▸ **Your goal**: Return an exact copy of the lines from the one holding "this 400×266 image." to the end of the data, including both the starting and final lines. Leave the pictures out.

[Records contained in a dataset]

━━━━━━━━━━

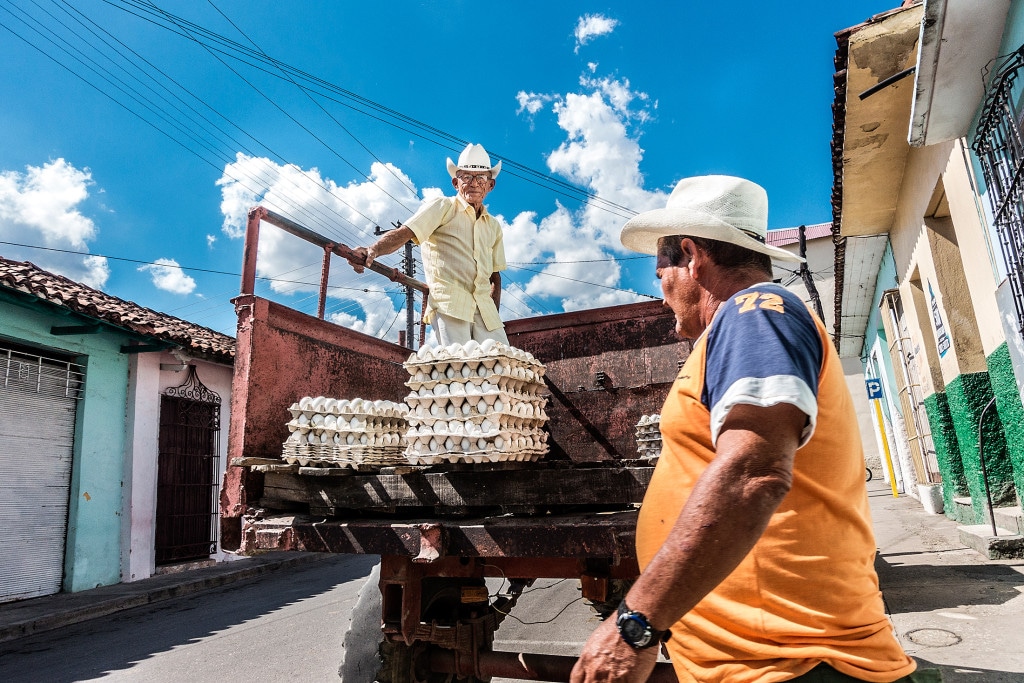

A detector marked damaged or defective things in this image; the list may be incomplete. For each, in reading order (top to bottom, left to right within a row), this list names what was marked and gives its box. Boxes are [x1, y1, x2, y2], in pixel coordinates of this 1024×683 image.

rusted metal frame [425, 651, 679, 679]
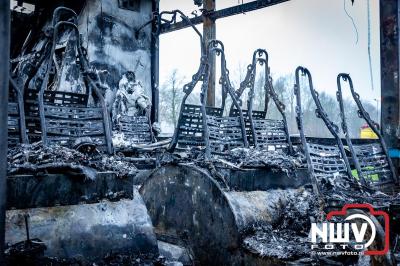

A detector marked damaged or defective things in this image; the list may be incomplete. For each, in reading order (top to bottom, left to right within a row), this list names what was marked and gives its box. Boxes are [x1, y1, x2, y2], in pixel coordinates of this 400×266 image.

burned seat frame [35, 10, 112, 154]
burned metal frame [38, 13, 112, 154]
burned seat frame [230, 48, 292, 153]
burned seat frame [294, 66, 354, 195]
burned metal frame [294, 66, 354, 195]
burned seat frame [336, 72, 398, 185]
burned metal frame [338, 73, 396, 185]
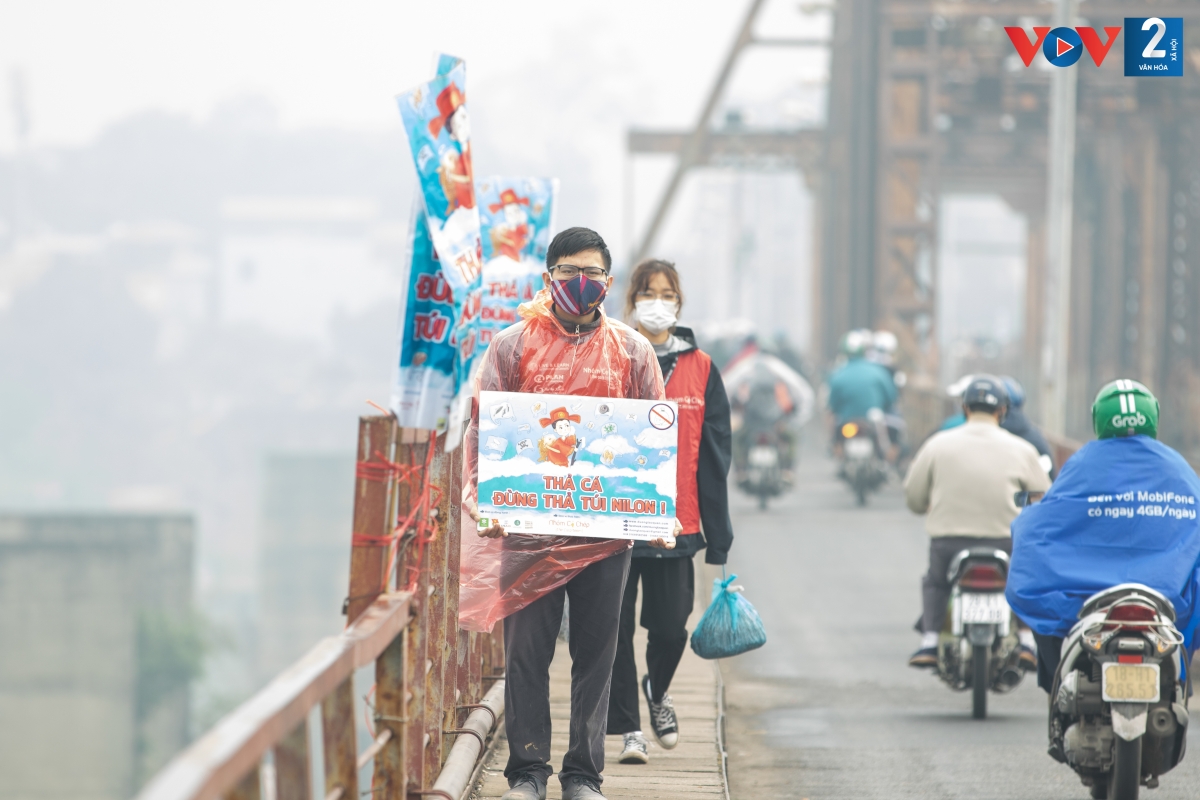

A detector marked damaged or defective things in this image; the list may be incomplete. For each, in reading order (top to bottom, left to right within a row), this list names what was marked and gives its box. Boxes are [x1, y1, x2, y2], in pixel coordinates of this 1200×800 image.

rusty metal railing [138, 419, 504, 800]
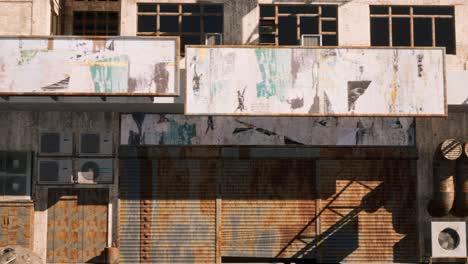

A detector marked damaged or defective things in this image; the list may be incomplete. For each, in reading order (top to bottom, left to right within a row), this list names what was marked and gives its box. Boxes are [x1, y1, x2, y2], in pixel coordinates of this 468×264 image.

rusty corrugated metal shutter [119, 158, 217, 262]
rusty corrugated metal shutter [220, 159, 316, 260]
rusty corrugated metal shutter [318, 160, 416, 262]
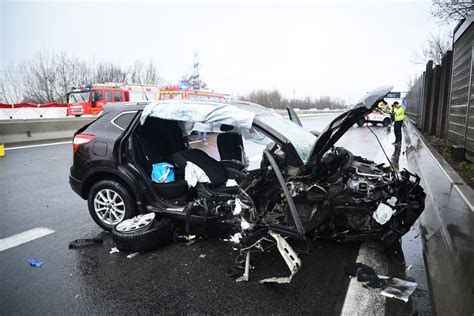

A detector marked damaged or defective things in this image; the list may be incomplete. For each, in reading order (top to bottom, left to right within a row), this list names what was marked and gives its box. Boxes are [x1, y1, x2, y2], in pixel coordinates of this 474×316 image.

shattered windshield [258, 114, 316, 164]
crumpled car hood [308, 85, 392, 164]
wrecked black suv [69, 85, 426, 282]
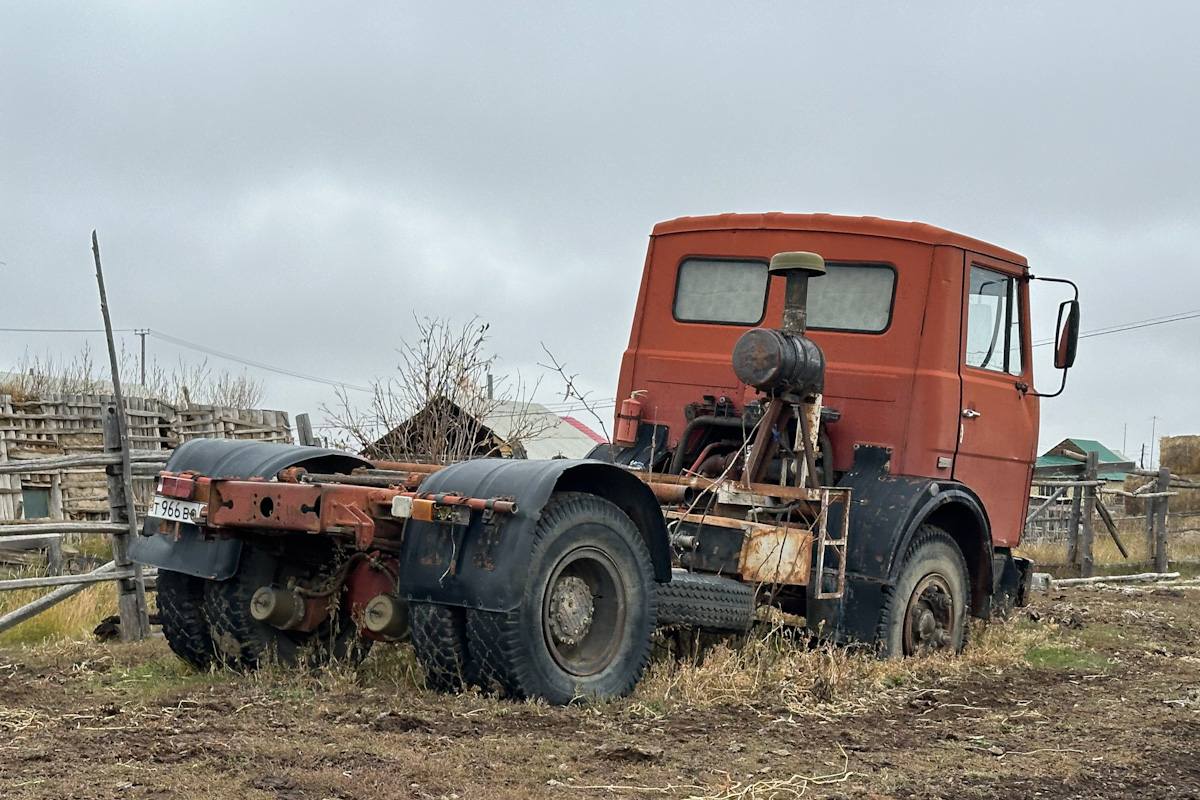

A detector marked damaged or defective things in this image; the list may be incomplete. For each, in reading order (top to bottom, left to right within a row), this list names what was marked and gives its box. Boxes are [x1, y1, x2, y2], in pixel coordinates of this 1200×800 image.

━━━━━━━━━━

▸ **Reply to the task**:
A detector marked damaged or defective things in this image; the list may be incomplete. For each, in reading order (top to bottom, left to right within a row), this list names what was marked and gives its box. Boxes are [x1, y1, x2, y2], in pixel coordinates of this 400×266 image.

burned seat frame [35, 10, 112, 154]
burned metal frame [38, 13, 112, 154]
burned seat frame [230, 48, 292, 153]
burned seat frame [294, 66, 354, 195]
burned metal frame [294, 66, 354, 195]
burned seat frame [336, 72, 398, 185]
burned metal frame [338, 73, 396, 185]

A detector marked damaged or defective things in this image; the list may be incomplete. For each, in reading order (top to bottom, left to right within a row), this list names what was marked and gives its box. Boxes are [x1, y1, x2, y2], in pixel coordinates of this 1200×800 image.

rusty metal railing [138, 419, 504, 800]

A detector marked damaged or defective things in this image; the list may be incomplete. For each, in reading order (top to bottom, left to right within a row), this list names what was marked and gives its box. Boxes are [x1, y1, x2, y2], in pixel coordinates of this 468×264 image.

rusty corrugated metal shutter [119, 158, 217, 262]
rusty corrugated metal shutter [220, 159, 316, 260]
rusty corrugated metal shutter [318, 160, 416, 262]

A detector marked damaged or defective things in this image; the list may be incomplete. For each, in reading order (top to bottom, left to right within a row), this list names what was marked and gives its box. Boxes are [x1, y1, x2, y2], in pixel coordinates of this 474×316 image.

shattered windshield [258, 114, 316, 164]
crumpled car hood [308, 85, 392, 164]
wrecked black suv [69, 85, 426, 282]

A detector marked damaged or defective things in this image; the list may be incomplete. For each, in reading order (top to bottom, left to right within a row), this list names what was marked and gives its box. Boxes are [x1, y1, x2, y2], in pixel coordinates of this 1200×800 image.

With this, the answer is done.